Below are the records; collect from them each line containing the string "photo".

(Records contained in a dataset)
════════════════
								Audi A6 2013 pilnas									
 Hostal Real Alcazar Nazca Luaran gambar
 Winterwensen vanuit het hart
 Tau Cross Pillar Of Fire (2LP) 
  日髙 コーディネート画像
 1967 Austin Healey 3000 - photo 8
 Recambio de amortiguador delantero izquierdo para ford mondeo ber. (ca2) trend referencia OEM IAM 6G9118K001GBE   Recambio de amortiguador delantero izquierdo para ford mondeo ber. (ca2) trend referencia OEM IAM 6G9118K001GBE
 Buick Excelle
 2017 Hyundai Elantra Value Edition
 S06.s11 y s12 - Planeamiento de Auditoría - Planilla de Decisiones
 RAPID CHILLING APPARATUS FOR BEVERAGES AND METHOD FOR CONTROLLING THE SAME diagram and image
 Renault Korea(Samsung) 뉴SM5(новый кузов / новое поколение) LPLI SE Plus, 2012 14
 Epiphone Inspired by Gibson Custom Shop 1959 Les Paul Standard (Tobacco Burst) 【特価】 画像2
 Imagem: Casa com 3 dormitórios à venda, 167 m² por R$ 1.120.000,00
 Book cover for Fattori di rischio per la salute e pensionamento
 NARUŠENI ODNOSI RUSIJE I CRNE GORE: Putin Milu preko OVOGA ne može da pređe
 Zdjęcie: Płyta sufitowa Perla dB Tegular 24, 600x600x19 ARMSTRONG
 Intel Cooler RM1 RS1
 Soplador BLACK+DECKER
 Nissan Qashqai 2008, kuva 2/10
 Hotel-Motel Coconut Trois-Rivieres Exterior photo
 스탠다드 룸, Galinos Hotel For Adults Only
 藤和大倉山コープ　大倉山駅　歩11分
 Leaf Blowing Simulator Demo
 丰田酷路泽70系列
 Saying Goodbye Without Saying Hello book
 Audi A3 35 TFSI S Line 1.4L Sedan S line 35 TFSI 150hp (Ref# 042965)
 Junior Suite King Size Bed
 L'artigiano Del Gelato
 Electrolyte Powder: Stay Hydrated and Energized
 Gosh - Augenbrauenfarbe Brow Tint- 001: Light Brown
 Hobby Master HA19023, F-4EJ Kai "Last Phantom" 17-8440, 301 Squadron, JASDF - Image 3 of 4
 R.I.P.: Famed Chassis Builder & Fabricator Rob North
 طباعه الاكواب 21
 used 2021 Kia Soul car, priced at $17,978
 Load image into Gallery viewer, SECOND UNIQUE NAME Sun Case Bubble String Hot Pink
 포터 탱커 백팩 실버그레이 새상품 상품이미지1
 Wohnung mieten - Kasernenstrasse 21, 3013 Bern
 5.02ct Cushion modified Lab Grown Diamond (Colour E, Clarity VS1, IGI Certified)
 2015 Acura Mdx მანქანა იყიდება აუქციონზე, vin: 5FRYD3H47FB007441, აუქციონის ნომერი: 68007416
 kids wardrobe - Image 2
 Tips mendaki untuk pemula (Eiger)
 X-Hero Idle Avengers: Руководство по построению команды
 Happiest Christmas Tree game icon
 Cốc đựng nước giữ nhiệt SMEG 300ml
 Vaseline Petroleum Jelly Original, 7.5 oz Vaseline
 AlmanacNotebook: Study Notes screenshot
════════════════
▶ Written answer:
 1967 Austin Healey 3000 - photo 8
 Hotel-Motel Coconut Trois-Rivieres Exterior photo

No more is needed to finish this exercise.